More information can be found on NCBI's SARS-CoV-2 Resources page
This repository also contains the ProblematicSites_SARS-CoV2 repository as a subtree, as there are several consistent errors in SARS-CoV-2 alignments that identify sites that should be removed from subsequent analyses (see: Masking strategies for SARS-CoV-2 alignments).

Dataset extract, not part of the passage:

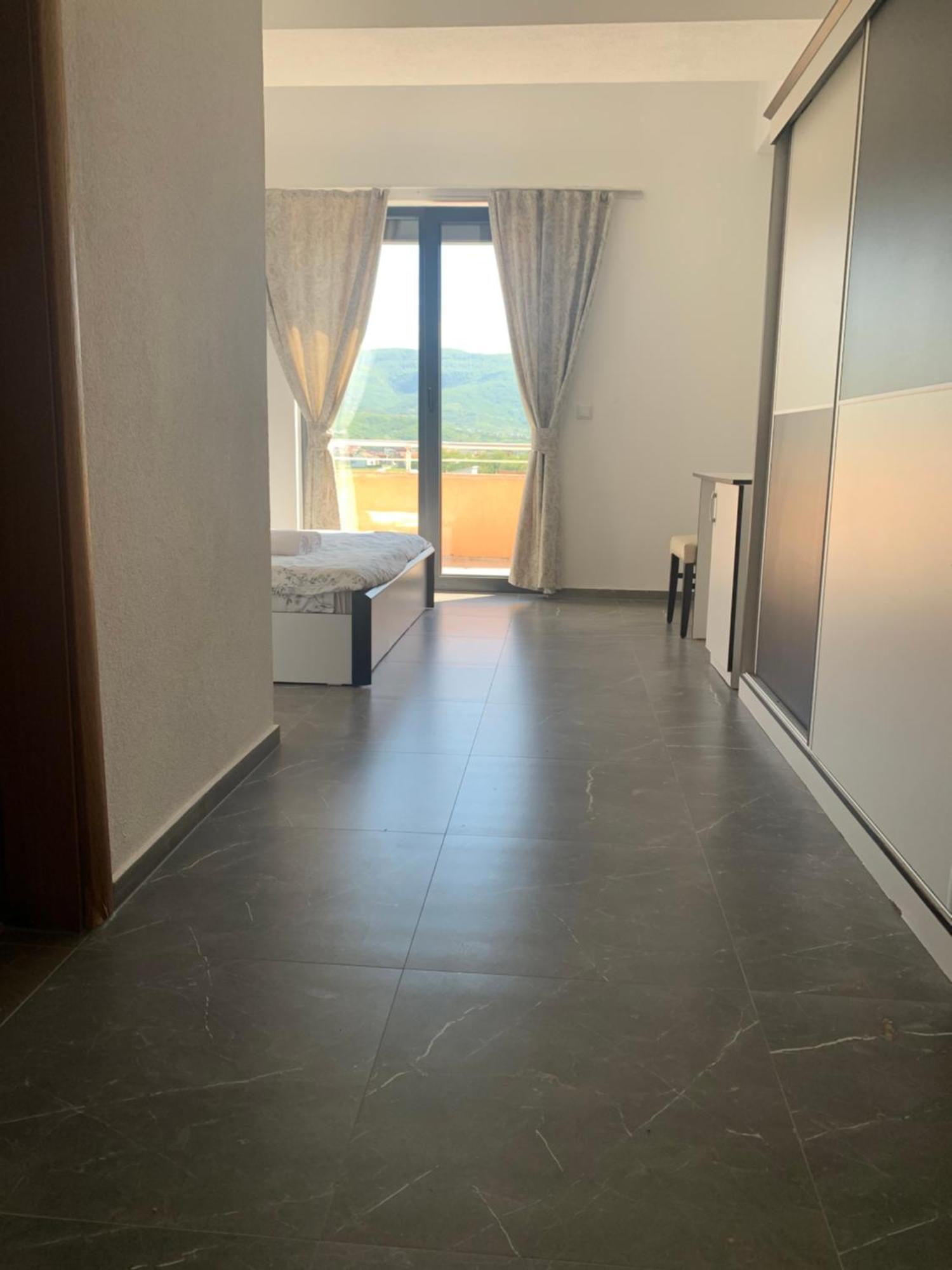 Hotel Albatros Призрен Екстериор снимка
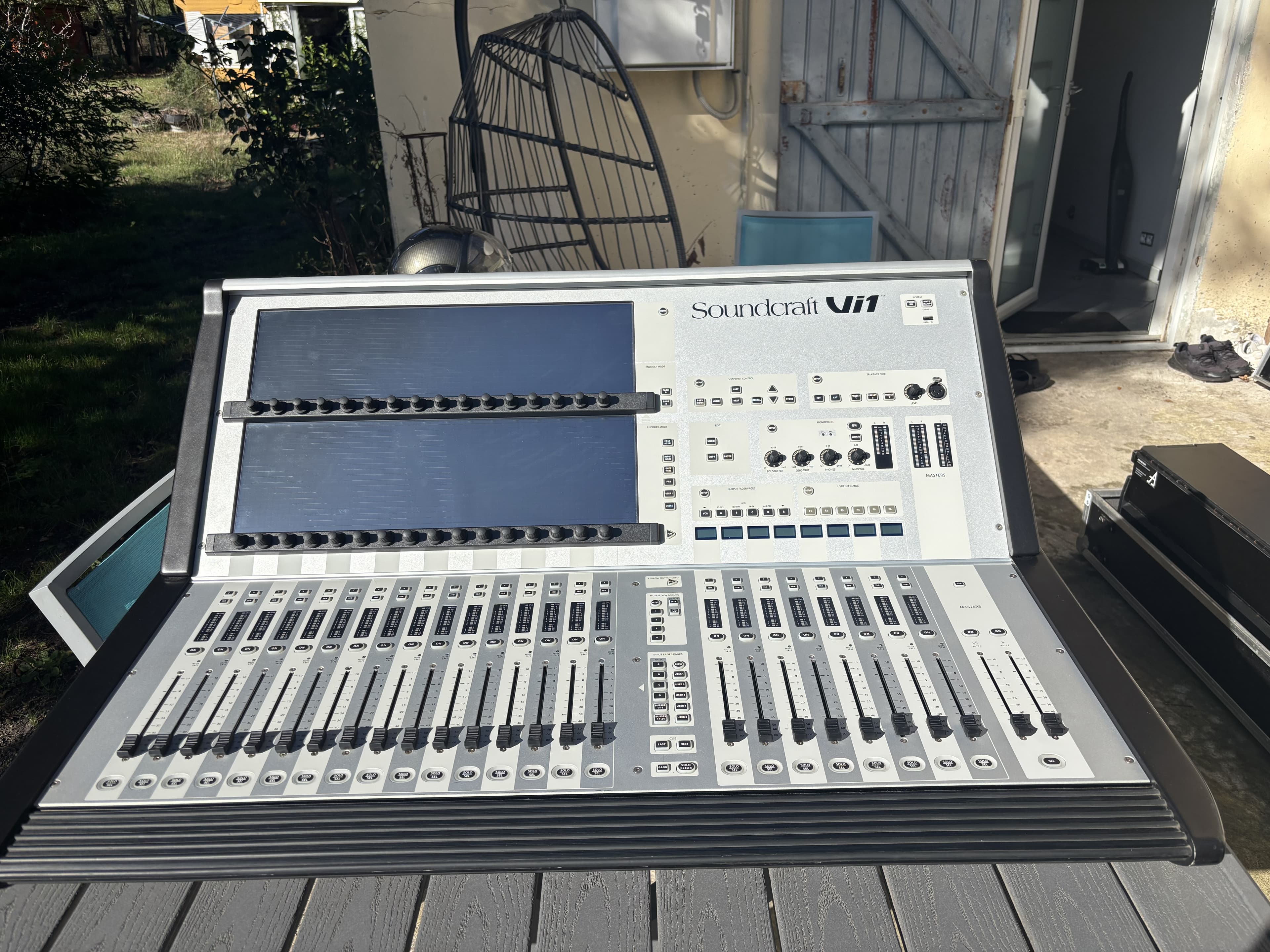 SOUNDCRAFT Vi1 – PACK COMPLET LIVE & STUDIO – ÉTAT EXCEPTIONNEL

Instead of putting it in the conda environment, We have also included the NextClade binary within the repo.
- Automatically generate GISAID output table.
- Decide on best practices for Pangolin versioning, and then implement. E.g., if we want to peg to a certain version, put that in the conda environment. Or, if we want to check for and update pangolin every time we reun pipeline, add in a rule or line of code to do that.
- Figure out basespace command line, create a way to automatically download new data (either as part of this pipeline, or another way).
- Now that iVar variant calling and iVar consensus are working from the same mpileup command, tidy that up so there's only the one pileup.
- Run FastQC, or some other QC, immediately on the raw data? May be useful for diagnosing issues, though a lot of what we'd get from FastQC we probably already have from the Illumina software with the MiSeq.
- More quality filtering during mapping? Could be more stringent in some spots. May be worth testing to see if it makes a difference.
- Make use of the conda tools within
snakemake
? In theory, could set things up so that this whole pipeline has only 2 user-managed dependencies (snakemake
andconda
/mamba
).snakemkae
would handle the rest of the installing throughconda
environments for each rule. - Allow more flexibility in input file names? .fasta/.fa/.fastq/.fq, .gz or not? Right now, just works on files with
.fastq.gz
as their extension. - Mark all intermediate files as temp in snakemake, to save disk space? Not that useful now, maybe once it is finalized?
- Improve Nextclade? Edit default for QC, use our own .gff (which didn't work initially), etc.
- Improve the readgroup function? pull the first line of the FASTA and parse it to get a little more info, instead of the pretty simple stuff I'm doing currently.
- Add a rule to plot the DAG?
- Add a rule to output a .yml file of the conda environment used?